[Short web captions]
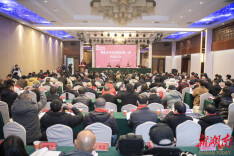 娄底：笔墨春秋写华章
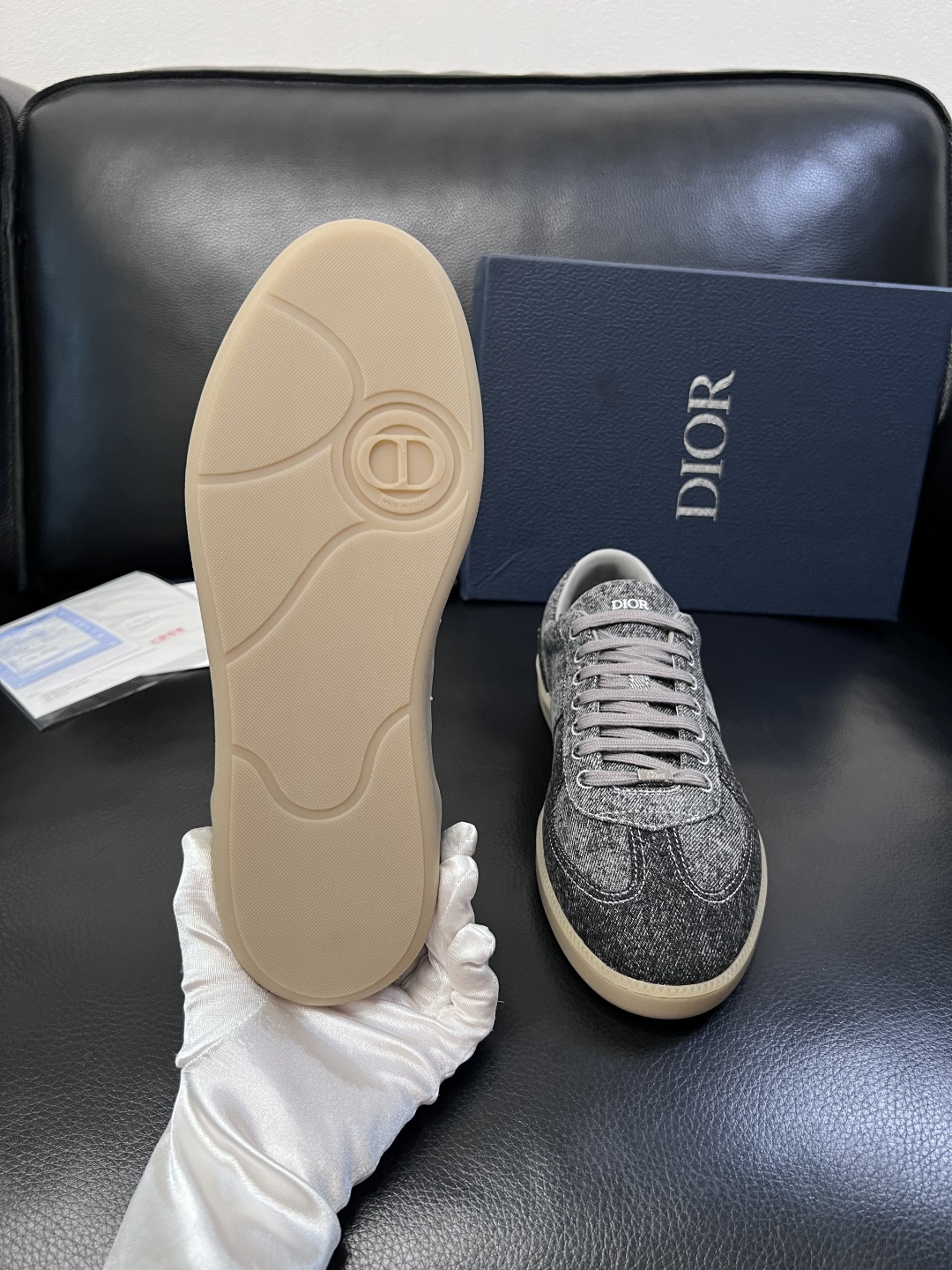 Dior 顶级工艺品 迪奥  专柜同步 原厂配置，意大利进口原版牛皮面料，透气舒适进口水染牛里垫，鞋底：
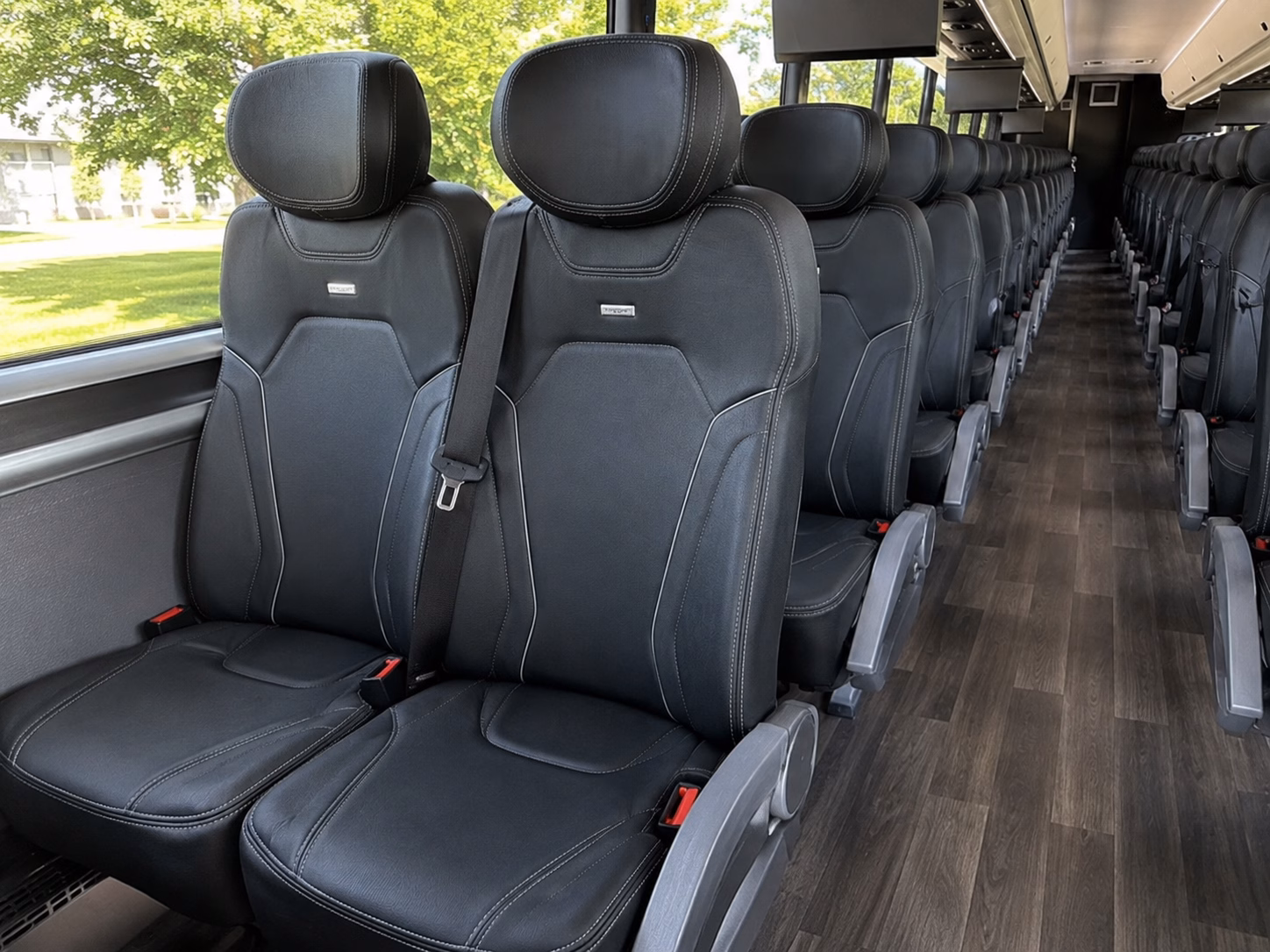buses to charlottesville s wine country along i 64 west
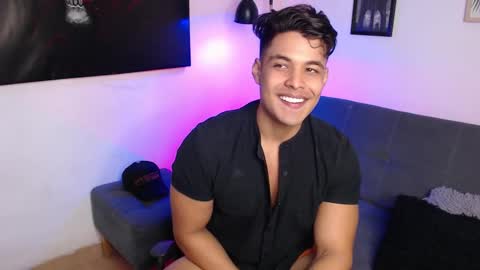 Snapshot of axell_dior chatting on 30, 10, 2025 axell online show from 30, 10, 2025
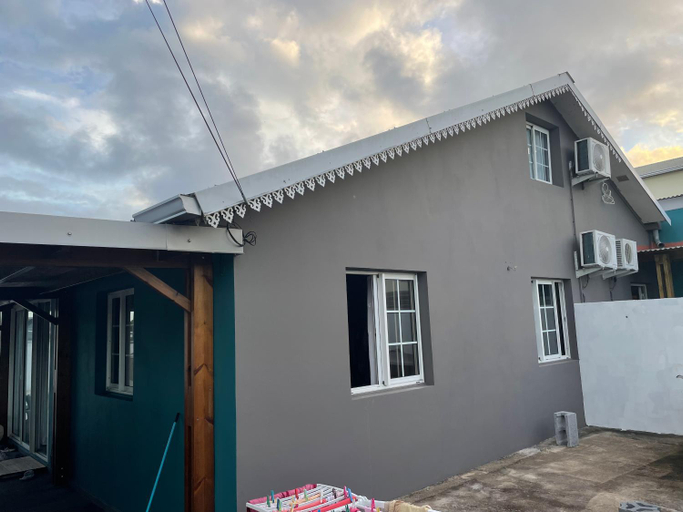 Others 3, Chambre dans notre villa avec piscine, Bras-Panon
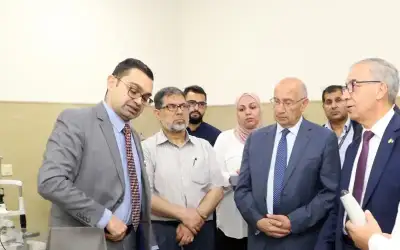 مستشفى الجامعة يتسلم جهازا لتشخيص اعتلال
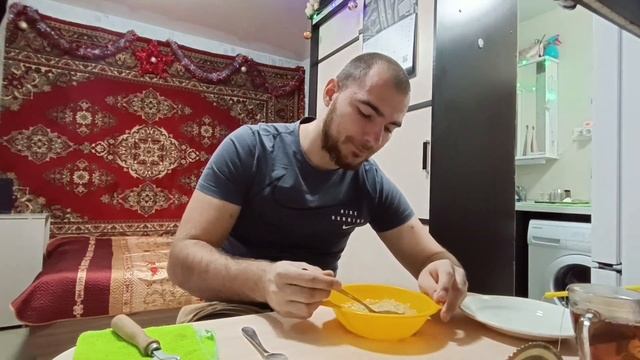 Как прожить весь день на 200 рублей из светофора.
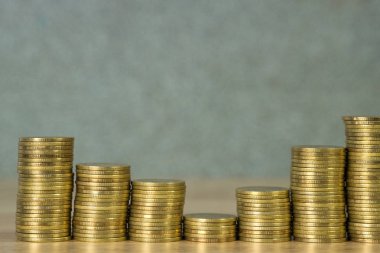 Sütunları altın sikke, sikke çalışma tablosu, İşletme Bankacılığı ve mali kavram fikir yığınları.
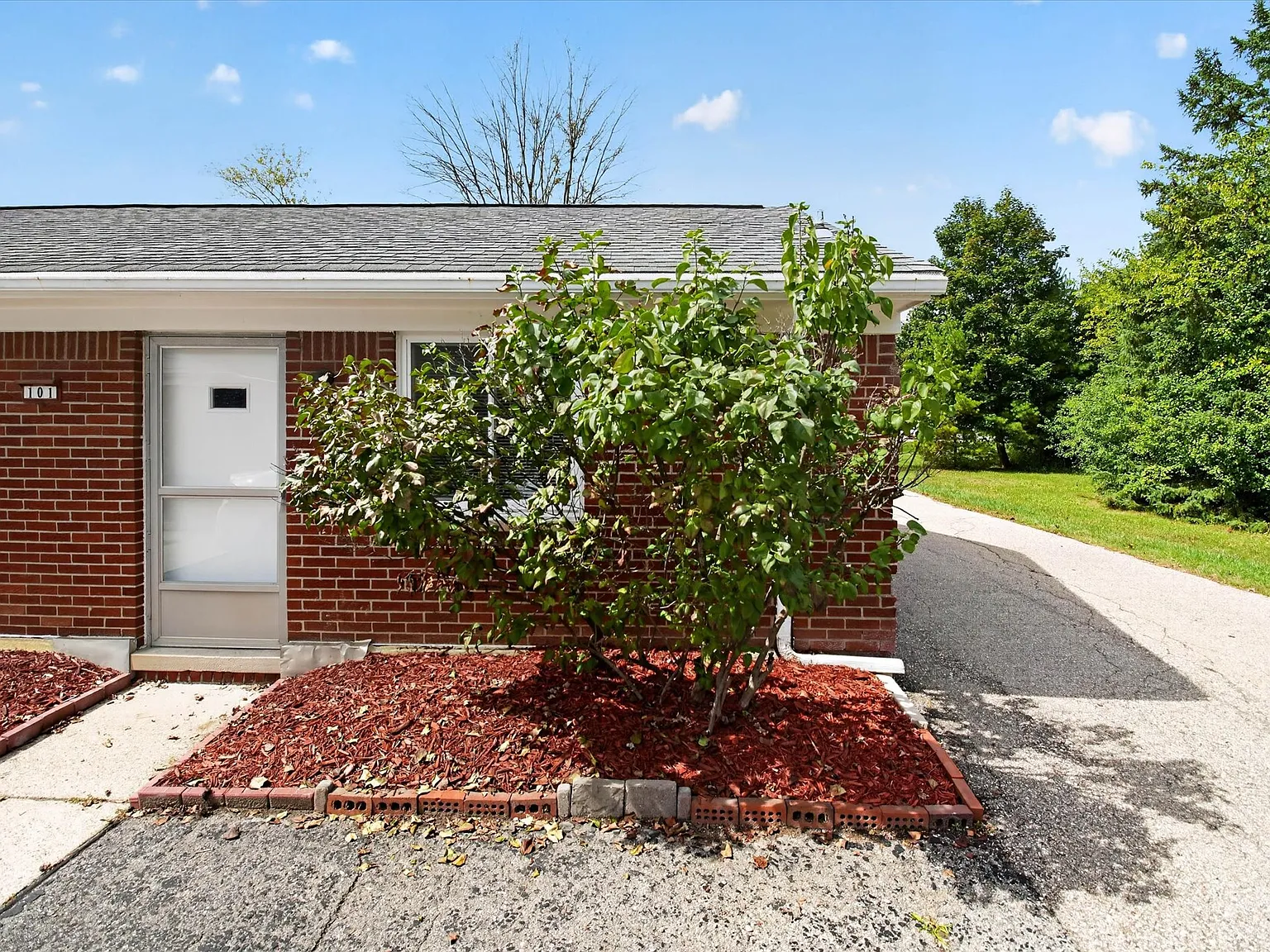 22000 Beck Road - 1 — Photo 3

Required work :: Starting at the line containing "مستشفى الجامعة يتسلم جهازا لتشخيص اعتلال", output every remaining line of the records above exactly, the last one included. Nothing else belongs in the output, and no pictures either.

Result of the exercise ::
 مستشفى الجامعة يتسلم جهازا لتشخيص اعتلال
 Как прожить весь день на 200 рублей из светофора.
 Sütunları altın sikke, sikke çalışma tablosu, İşletme Bankacılığı ve mali kavram fikir yığınları.
 22000 Beck Road - 1 — Photo 3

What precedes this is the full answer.